Contrasting the completed credit application with the credit report may reveal inexplicable inconsistencies. For example, do any of the addresses match?
As to the credit report, it is replete with examples of red flags. Is there any type of fraud or active duty alert? Is there a notice of an address discrepancy? Is there a warning about the social security number?

Miscellaneous questions
There are a series of questions that the dealer representative could also ask that would indicate that the customer is not engaging in fraud. For example, the customer could be asked in what U.S. state was he residing when he or his parent applied for his Social Security card? What is the approximate balance on his Visa or MasterCard credit card? To whom does the customer pay his mortgage and how much is that monthly payment? What is the customer’s monthly car payment and to whom does he make the payment?

These types of questions could be answered by the use of a form that could make this process easier and more consistent.

Final recommendations
This article is not an attempt to be comprehensive about the Red Flags Rule. There are numerous sources and vendors who can help dealers with their Red Flags Program. Presumably, dealers already have a program but the new business challenges would necessitate that they reexamine them. The FTC website ftc.gov/idtheft is quite instructive. If working with a third-party vendor be certain to screen that vendor to be certain that it has the capability to protect the dealer’s interests. Dealers should also remember that the FTC may penalize them for non-compliance. A Red Flags Program is not difficult to implement but should be an important program for dealers to continue to execute and monitor, especially in the current business environment.
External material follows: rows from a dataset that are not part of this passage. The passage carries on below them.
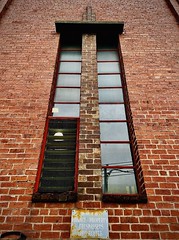 257/366 Here is a profile of magnificent 1930s period window on the side of the Brunswick tram depot. The brickwork includes Art Deco flourish and detail. Note the MMTB sign warning against trespassing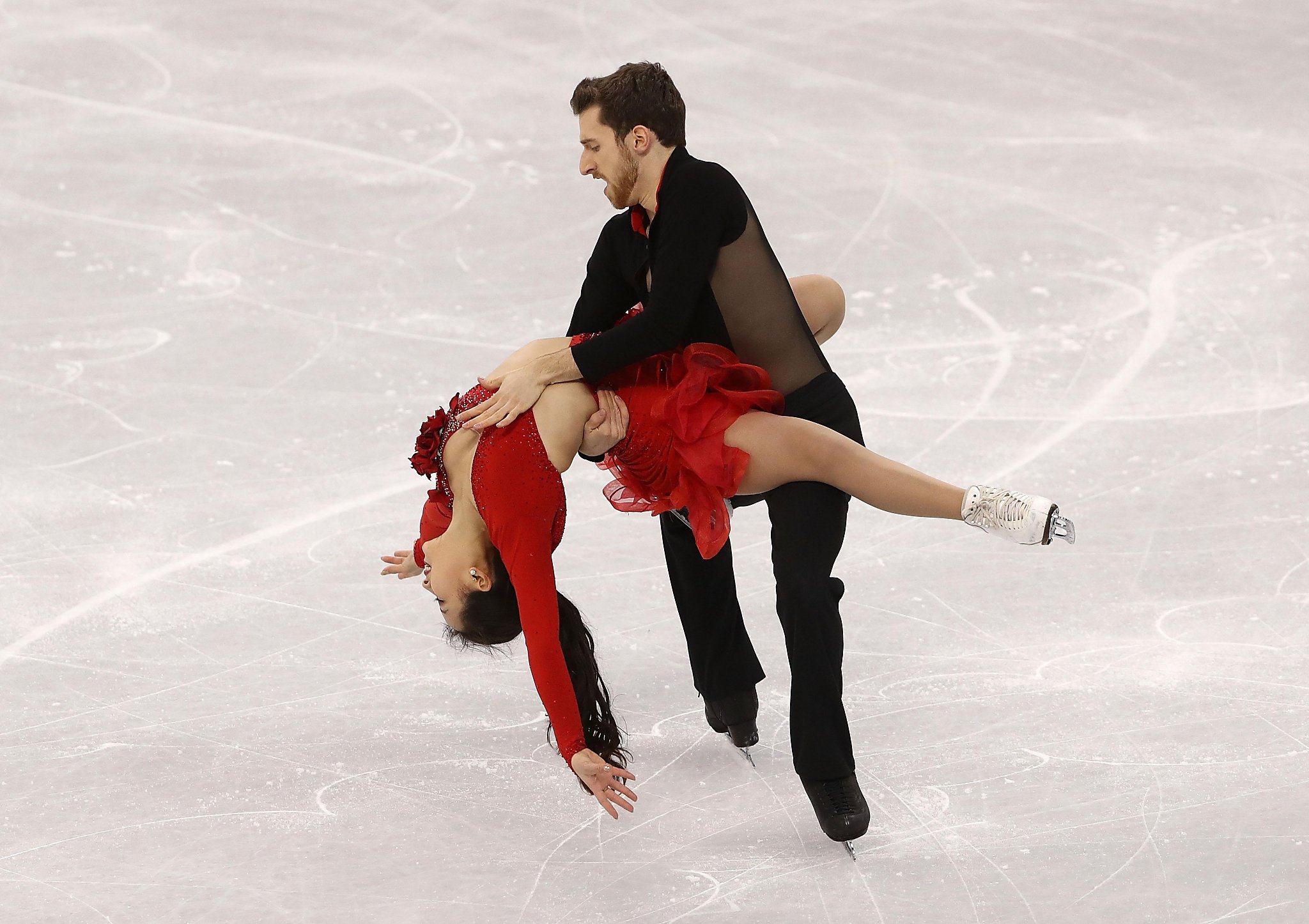 Ice Dancer Expertly Plays Off Wardrobe Malfunction During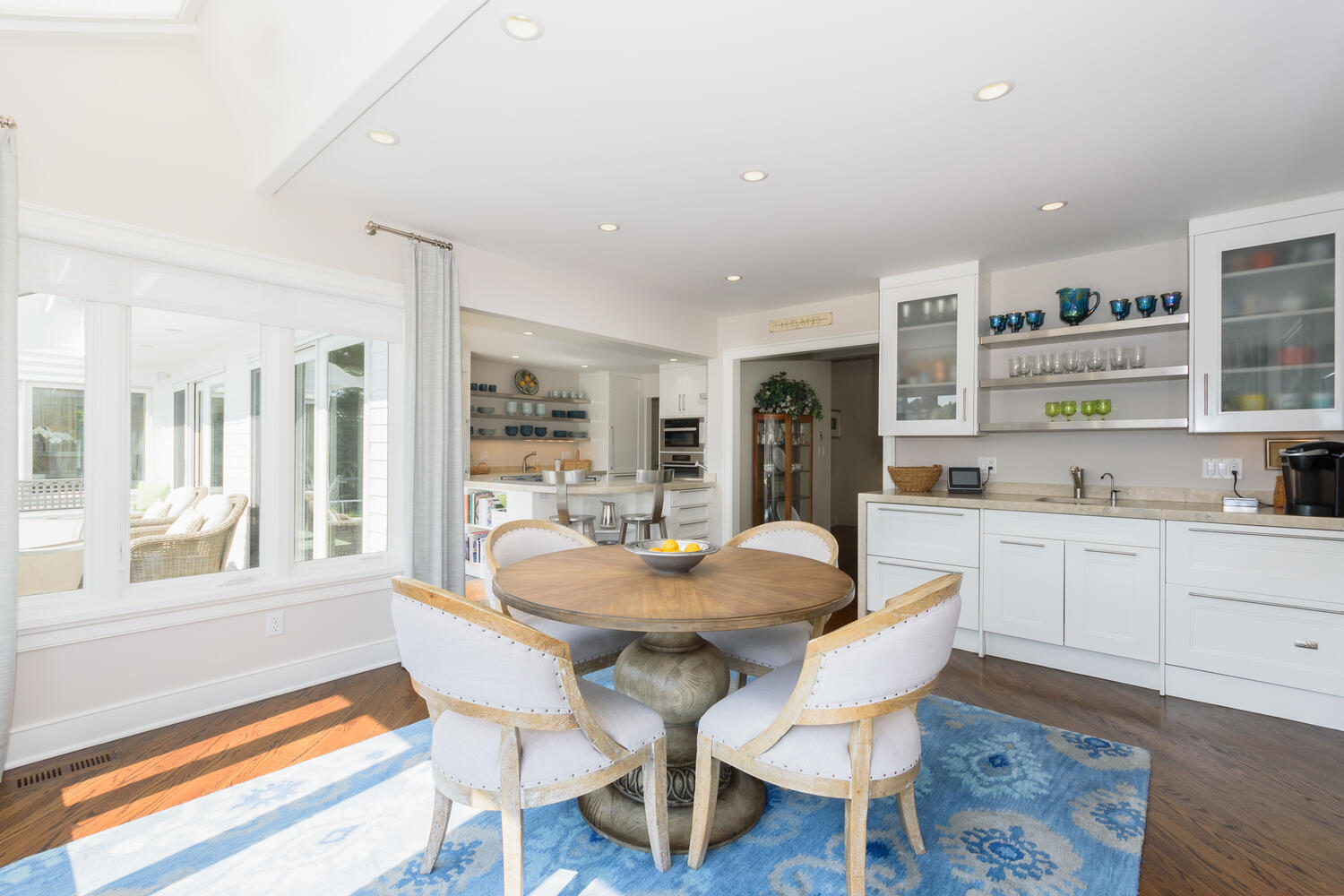 79 Rings End Road Darien, CT 06820 - Photo 18 of 42 a dining room with furniture and wooden floor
Terry O’Loughlin, J.D., M.B.A.
Terry O’Loughlin, J.D., M.B.A., director of compliance for The Reynolds and Reynolds Company, has nearly 30 years of legal and regulatory experience in motor vehicle-related fields. From 1989-2006, O’Loughlin served with the Florida Office of the Attorney General, investigating and prosecuting automobile dealers, manufacturers, and financing and leasing companies. He led a task force that examined more than 100,000 motor vehicle files and settled with over 1,600 vehicle dealers for more than $15,000,000.00. O’Loughlin helped to draft and served as mediator of Florida’s Motor Vehicle Lease Disclosure Act. He has served as a consultant to the Federal Reserve Board’s Leasing Education Committee and has routinely advised numerous states’ agencies on motor vehicle fraud. Admitted to both the Pennsylvania and Florida Bars, O’Loughlin graduated from the University of Pittsburgh and received his graduate degrees from the University of Dayton.